I’ve received my straight stack, unlettered version which will become Pagosa Lumber Company #7. PGL had Climax #7 briefly in the 1920's so that justifies (as much as we need to justify these things!) adding it to my PGL roster (with a Shay) that feeds my D&RGW Alamosa Branch.

This brings me to a long-shot query: is there anyone who acquired the Mich-Cal version, not because they are faithful to that prototype, but rather because they just wanted a wood-burner, diamond stack version? The reason I ask is that the two models seem to be a hodge-podge of eras. The unlettered version I have is set up as an oil burner, but has an old-style oil or acetylene headlight. The Mich-Cal version was a wood-burner with a generator and arc headlight (correct, I assume). So, is anyone interested in swapping headlights? I’d also need the generator which would suggest a balance of payment from me to you if you are interested. Just send me a PM and we can work out the details.
The swap would work with an electric Climax, as well.

Scott


----------



## craig0127 (May 20, 2008)

Chama, 

I also got the unlettered version because it is the closest model to a real one out in the northeast (still running) Its the (White mountain central RR) in Woodstock N.H.. Straight stack, and its a WOOD BURNER. same headlight . the only difference between the real one and ours is a steel cab and tapered boiler.


----------



## Chrisp (Jan 3, 2008)

I had time for the first run today, so-so for a few reasons. First was limited gas flow and insufficient boiler pressure for a good run.
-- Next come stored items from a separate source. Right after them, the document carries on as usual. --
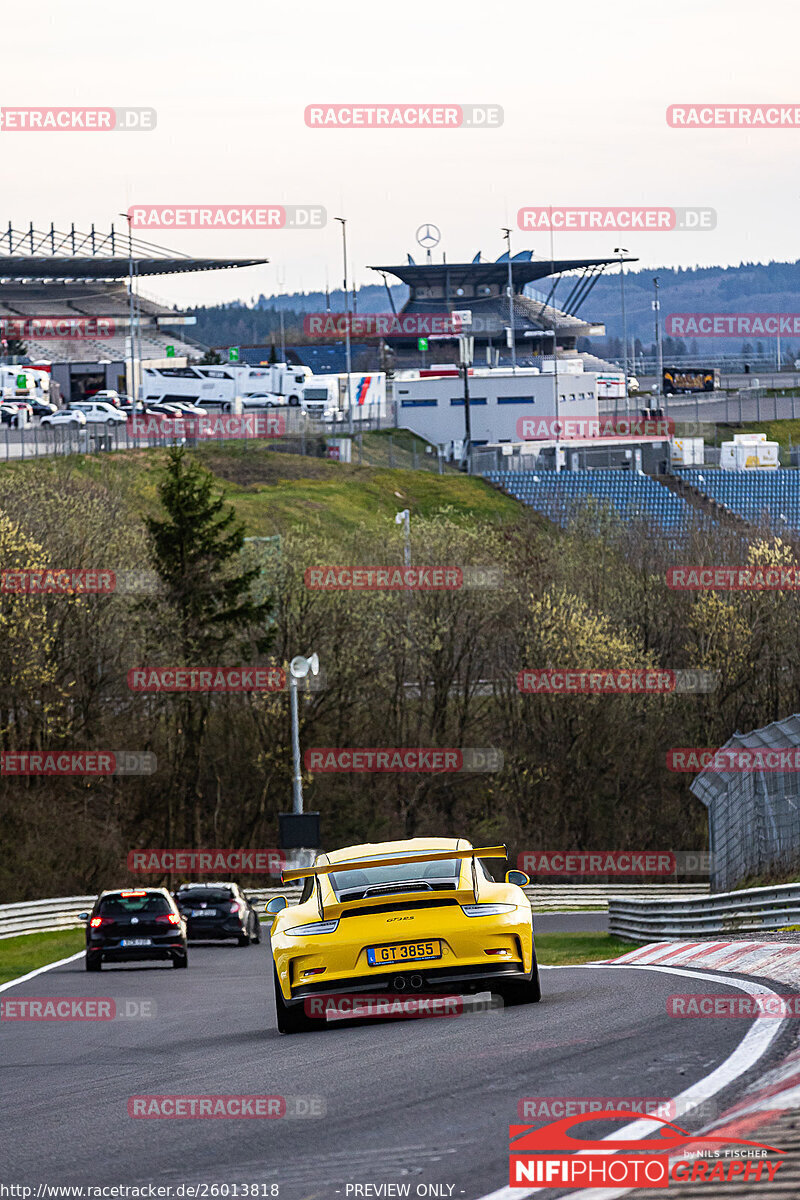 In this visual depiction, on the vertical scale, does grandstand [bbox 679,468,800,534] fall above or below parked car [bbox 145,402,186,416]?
below

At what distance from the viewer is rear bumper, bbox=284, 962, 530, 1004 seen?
1111 centimetres

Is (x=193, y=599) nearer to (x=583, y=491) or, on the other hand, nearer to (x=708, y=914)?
(x=708, y=914)

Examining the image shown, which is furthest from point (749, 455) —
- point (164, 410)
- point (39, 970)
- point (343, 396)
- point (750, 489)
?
point (39, 970)

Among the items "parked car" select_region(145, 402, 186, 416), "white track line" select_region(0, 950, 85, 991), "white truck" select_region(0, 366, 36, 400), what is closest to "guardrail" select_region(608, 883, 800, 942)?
"white track line" select_region(0, 950, 85, 991)

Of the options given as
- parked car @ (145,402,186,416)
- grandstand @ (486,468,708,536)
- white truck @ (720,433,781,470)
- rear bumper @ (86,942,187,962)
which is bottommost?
rear bumper @ (86,942,187,962)

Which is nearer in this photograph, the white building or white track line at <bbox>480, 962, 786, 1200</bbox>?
white track line at <bbox>480, 962, 786, 1200</bbox>

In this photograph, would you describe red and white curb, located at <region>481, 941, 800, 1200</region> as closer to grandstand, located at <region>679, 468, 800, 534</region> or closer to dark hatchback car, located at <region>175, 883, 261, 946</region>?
dark hatchback car, located at <region>175, 883, 261, 946</region>

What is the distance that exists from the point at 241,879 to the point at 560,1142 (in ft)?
142

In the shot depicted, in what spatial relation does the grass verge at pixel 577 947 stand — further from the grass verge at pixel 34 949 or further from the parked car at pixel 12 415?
the parked car at pixel 12 415

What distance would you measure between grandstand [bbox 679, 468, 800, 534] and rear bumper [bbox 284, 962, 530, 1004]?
2883 inches

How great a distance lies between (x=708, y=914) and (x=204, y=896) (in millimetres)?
11967

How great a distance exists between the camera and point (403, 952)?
11125 millimetres

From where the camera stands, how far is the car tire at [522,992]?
466 inches

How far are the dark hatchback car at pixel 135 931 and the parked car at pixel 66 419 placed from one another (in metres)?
64.6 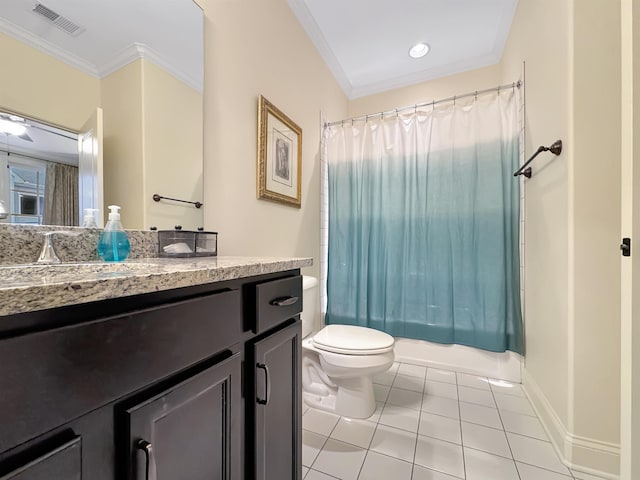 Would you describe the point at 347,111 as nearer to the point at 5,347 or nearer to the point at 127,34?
the point at 127,34

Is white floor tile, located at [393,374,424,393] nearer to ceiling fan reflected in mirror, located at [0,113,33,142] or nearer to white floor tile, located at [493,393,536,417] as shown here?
white floor tile, located at [493,393,536,417]

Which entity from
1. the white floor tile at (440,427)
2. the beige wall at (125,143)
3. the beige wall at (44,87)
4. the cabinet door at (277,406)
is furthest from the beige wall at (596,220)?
the beige wall at (44,87)

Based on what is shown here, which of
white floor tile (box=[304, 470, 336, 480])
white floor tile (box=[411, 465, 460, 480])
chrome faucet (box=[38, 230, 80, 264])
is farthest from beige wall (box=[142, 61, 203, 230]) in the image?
white floor tile (box=[411, 465, 460, 480])

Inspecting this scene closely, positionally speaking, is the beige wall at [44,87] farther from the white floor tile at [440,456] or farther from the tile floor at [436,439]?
the white floor tile at [440,456]

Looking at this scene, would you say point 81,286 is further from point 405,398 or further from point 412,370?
point 412,370

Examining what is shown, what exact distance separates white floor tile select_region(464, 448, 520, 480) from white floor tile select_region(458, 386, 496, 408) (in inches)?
16.9

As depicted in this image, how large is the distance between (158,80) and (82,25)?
0.22 meters

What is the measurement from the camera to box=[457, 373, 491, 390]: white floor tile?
1.73 metres

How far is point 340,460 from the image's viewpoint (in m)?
1.13

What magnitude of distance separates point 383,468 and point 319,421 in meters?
0.40

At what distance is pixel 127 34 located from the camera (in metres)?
0.86

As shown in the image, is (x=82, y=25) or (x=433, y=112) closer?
(x=82, y=25)

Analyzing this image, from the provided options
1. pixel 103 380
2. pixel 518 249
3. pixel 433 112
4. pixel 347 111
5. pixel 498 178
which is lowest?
pixel 103 380

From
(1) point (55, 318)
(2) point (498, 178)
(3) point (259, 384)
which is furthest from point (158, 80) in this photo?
(2) point (498, 178) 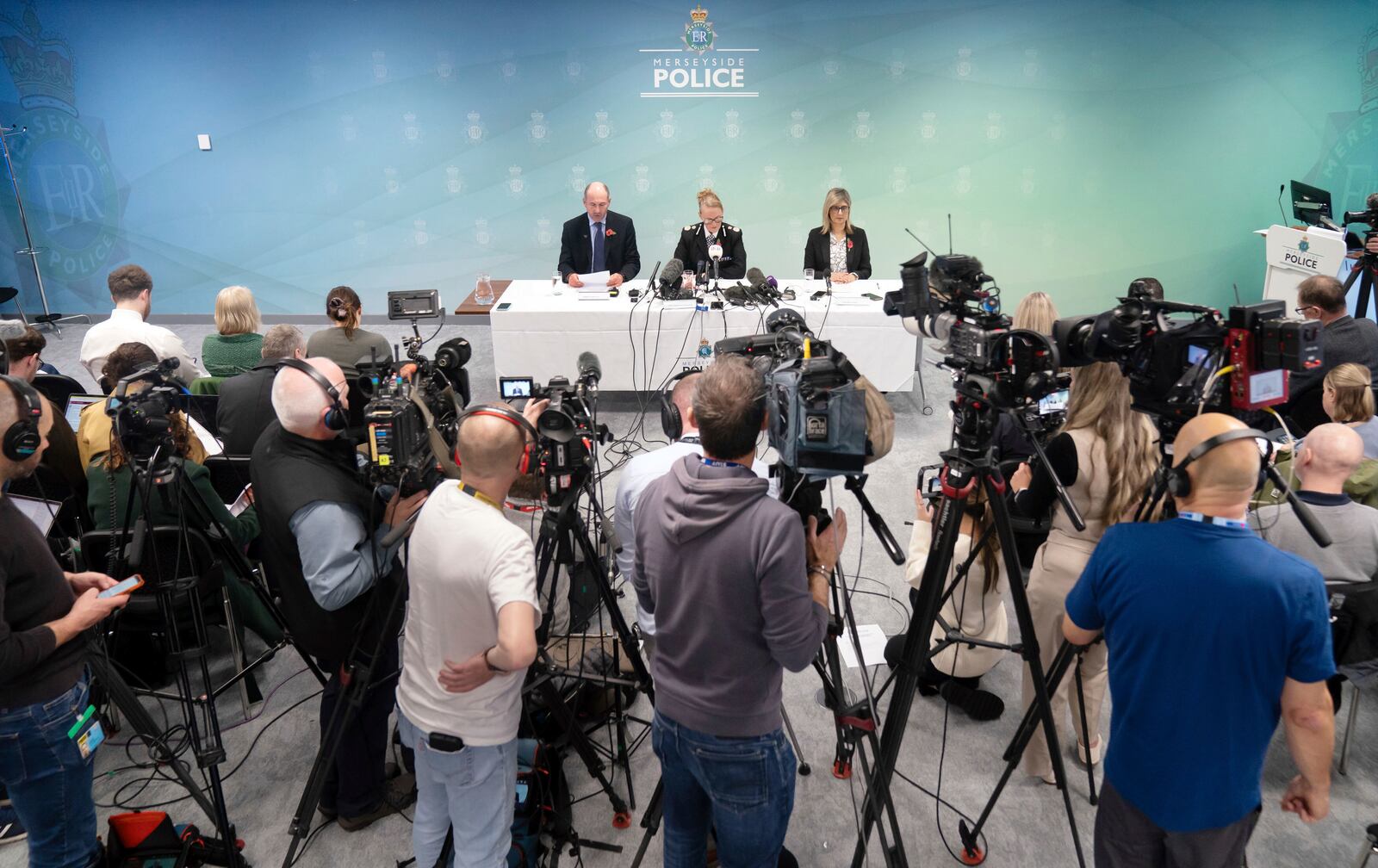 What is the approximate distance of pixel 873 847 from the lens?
98.8 inches

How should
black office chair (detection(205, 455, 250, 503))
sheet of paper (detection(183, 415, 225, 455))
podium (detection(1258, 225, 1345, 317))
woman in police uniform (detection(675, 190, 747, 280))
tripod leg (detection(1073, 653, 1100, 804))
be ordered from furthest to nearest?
woman in police uniform (detection(675, 190, 747, 280)), podium (detection(1258, 225, 1345, 317)), black office chair (detection(205, 455, 250, 503)), sheet of paper (detection(183, 415, 225, 455)), tripod leg (detection(1073, 653, 1100, 804))

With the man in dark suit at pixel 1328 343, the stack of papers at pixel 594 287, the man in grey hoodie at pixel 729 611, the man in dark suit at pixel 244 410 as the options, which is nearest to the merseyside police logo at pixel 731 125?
the stack of papers at pixel 594 287

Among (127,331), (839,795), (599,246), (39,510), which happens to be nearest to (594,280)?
(599,246)

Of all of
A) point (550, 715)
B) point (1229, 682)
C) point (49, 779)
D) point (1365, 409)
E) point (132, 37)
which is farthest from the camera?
point (132, 37)

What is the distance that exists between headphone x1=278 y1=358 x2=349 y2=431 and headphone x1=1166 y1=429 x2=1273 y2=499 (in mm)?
1941

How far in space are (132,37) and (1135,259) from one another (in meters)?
8.98

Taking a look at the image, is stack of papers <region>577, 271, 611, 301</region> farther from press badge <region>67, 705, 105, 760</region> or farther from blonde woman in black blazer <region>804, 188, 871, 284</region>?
press badge <region>67, 705, 105, 760</region>

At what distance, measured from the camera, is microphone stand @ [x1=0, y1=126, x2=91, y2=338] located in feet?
24.3

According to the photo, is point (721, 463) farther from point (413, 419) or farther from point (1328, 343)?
point (1328, 343)

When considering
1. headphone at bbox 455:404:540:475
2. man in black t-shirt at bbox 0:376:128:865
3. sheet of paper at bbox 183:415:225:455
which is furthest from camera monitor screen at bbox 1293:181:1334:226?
man in black t-shirt at bbox 0:376:128:865

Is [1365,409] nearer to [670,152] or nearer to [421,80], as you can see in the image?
[670,152]

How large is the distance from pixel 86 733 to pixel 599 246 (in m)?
4.83

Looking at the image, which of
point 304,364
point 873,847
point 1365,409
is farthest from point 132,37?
point 1365,409

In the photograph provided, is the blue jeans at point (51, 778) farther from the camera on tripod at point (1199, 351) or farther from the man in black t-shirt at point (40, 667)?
the camera on tripod at point (1199, 351) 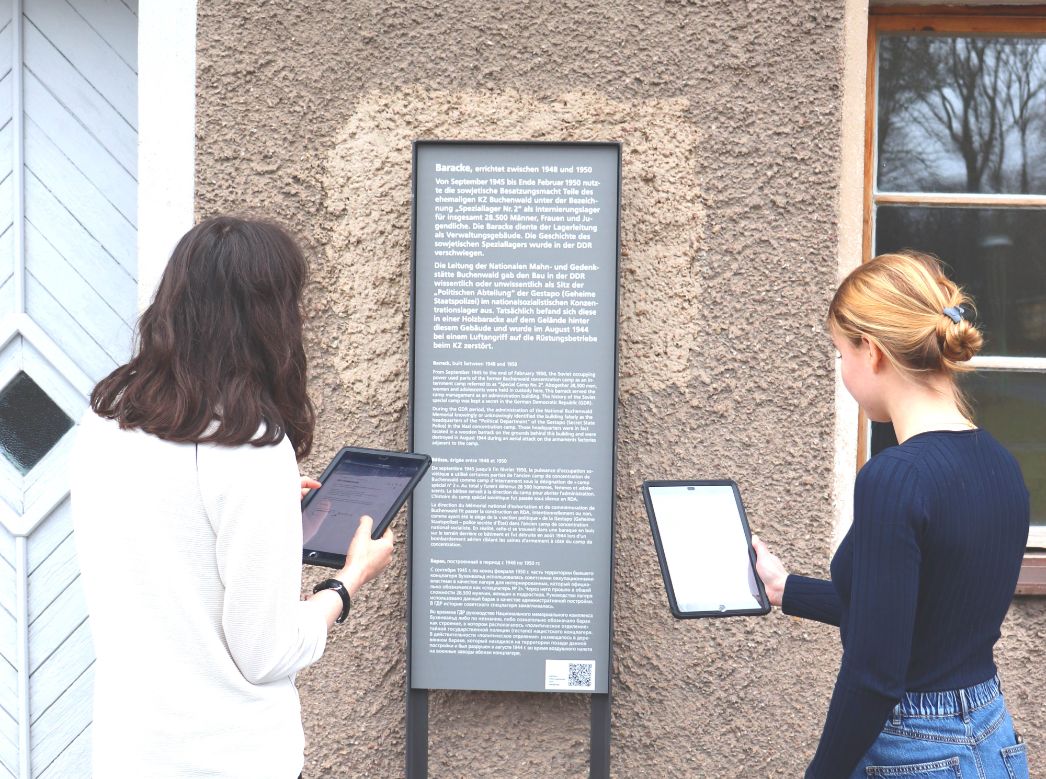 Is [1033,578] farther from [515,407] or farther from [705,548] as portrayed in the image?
[515,407]

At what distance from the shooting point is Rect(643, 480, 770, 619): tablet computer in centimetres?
200

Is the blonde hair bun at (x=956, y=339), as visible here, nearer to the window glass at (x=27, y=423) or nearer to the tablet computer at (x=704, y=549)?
the tablet computer at (x=704, y=549)

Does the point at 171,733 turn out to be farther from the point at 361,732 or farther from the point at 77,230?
the point at 77,230

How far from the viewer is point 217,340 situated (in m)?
1.48

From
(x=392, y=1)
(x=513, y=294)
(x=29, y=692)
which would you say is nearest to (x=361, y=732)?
(x=29, y=692)

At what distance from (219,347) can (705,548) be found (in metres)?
1.14

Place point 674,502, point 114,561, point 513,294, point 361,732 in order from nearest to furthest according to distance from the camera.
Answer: point 114,561
point 674,502
point 513,294
point 361,732

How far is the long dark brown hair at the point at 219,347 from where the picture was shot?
4.70ft

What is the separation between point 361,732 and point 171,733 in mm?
1309

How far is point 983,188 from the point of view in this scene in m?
2.86

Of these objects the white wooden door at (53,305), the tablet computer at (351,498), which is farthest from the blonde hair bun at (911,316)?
the white wooden door at (53,305)

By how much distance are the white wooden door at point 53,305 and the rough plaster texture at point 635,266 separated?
1.57ft

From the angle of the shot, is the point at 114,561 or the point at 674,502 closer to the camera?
the point at 114,561

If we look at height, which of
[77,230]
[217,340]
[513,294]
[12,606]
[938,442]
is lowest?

I think this was caused by either a blocked jet or the factory setting for the collar that slides over ther air holes in the body the jet fits into. I pulled the jet and cleared it (no easy feat - the plumbing in the cab is tight!) and moved the collar so the holes are uncovered - this time got a healthy blue flame and good pressure on the work bench.

The other issue is some apparent binding of the drive train in turns that I think will resolve itself as the engine breaks in. I'm off for a business trip this week, so will have to wait till next weekend for more runs.


----------